Steart Coastal Management Project completed
The Steart Coastal Management Project, one of the largest managed realignment and habitat creation schemes ever carried out in the UK, has been completed and has opened to the sea for the first time.
The aim of the project – which was designed and supervised by CH2M Hill - was to improve flood defences while also creating more than 400 hectares of valuable natural habitats on the Steart Peninsula, an exposed coastal area located on the north Somerset coast at Bridgwater Bay. Started in May 2012, it has now been completed within budget.
The scheme will provide protection for the village of Steart against flooding from the River Parrett. Steart Drove, the only road that links Steart village with surrounding communities, will also enjoy improved protection. Meanwhile, opening the scheme to the sea this week is expected to create over 400 hectares of intertidal saltmarsh and freshwater wetland in which birds and wildlife will flourish.

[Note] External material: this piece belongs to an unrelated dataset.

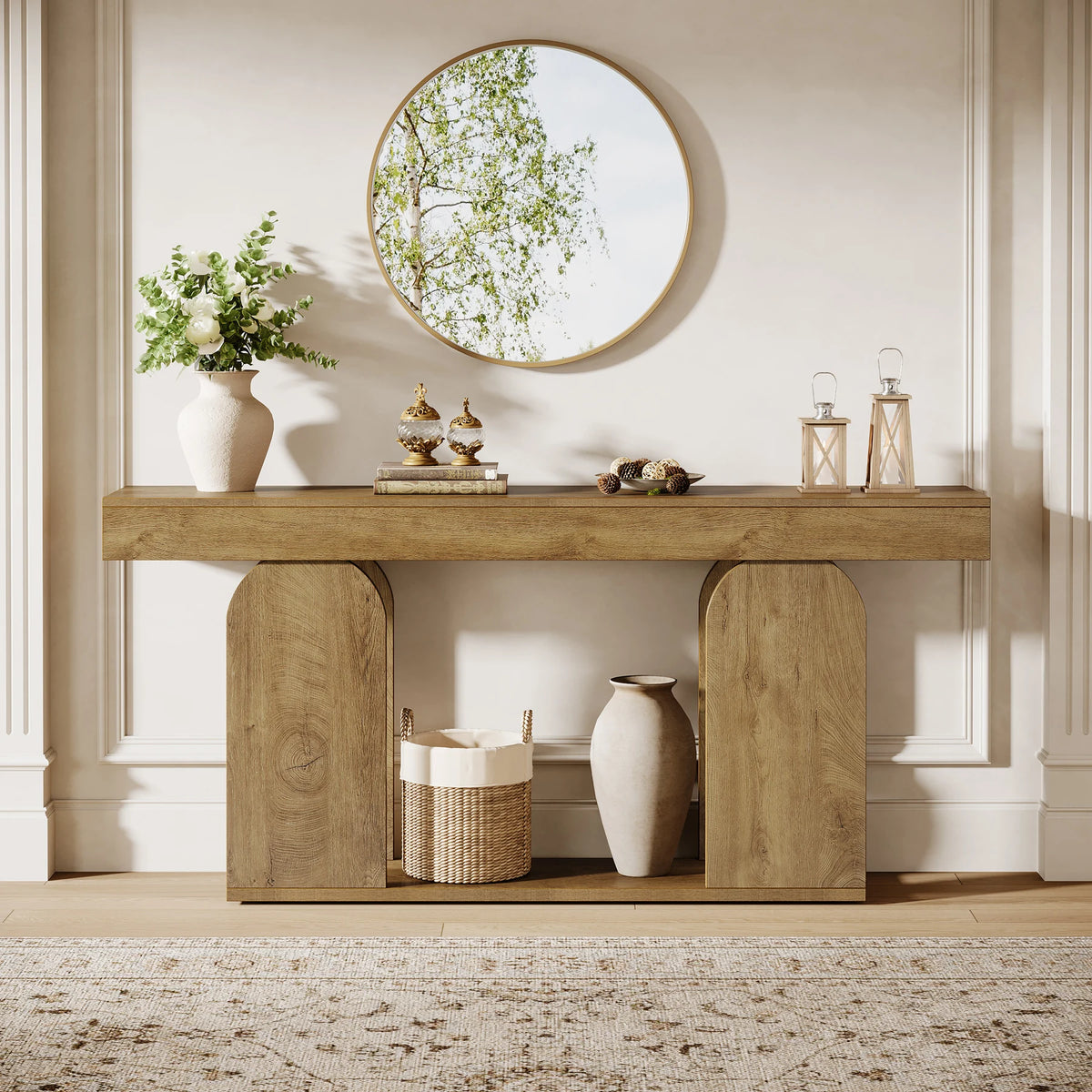 Tribesigns Farmhouse Wood Console Table With Double Tier U Base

CH2M Hill carried out the design, modelling and assessment of the scheme on behalf of the Environment Agency and supervised the construction phase which was carried out by Team Van Oord. The Wildfowl and Wetland Trust will be the site managers now the scheme is complete.
Toby Wilson, Project Manager for CH2M Hill said: “It is immensely rewarding to see this scheme finally opened. We had a large team of people working on this programme over several years progressing through detailed modelling, assessment and design before the construction works started. The final stage of connecting the site to the sea has been timed to occur on falling tides to allow a section of the old defences to be removed and a connecting channel to be dug to the River Parrett.
“As the tides begin to come in and out we expect the artificial channel to erode and evolve towards a new stable form. We have arranged an extensive field campaign to monitor these changes, the monitoring will cover longer term development of the site as it develops into a mosaic of different intertidal, brackish and freshwater habitats.”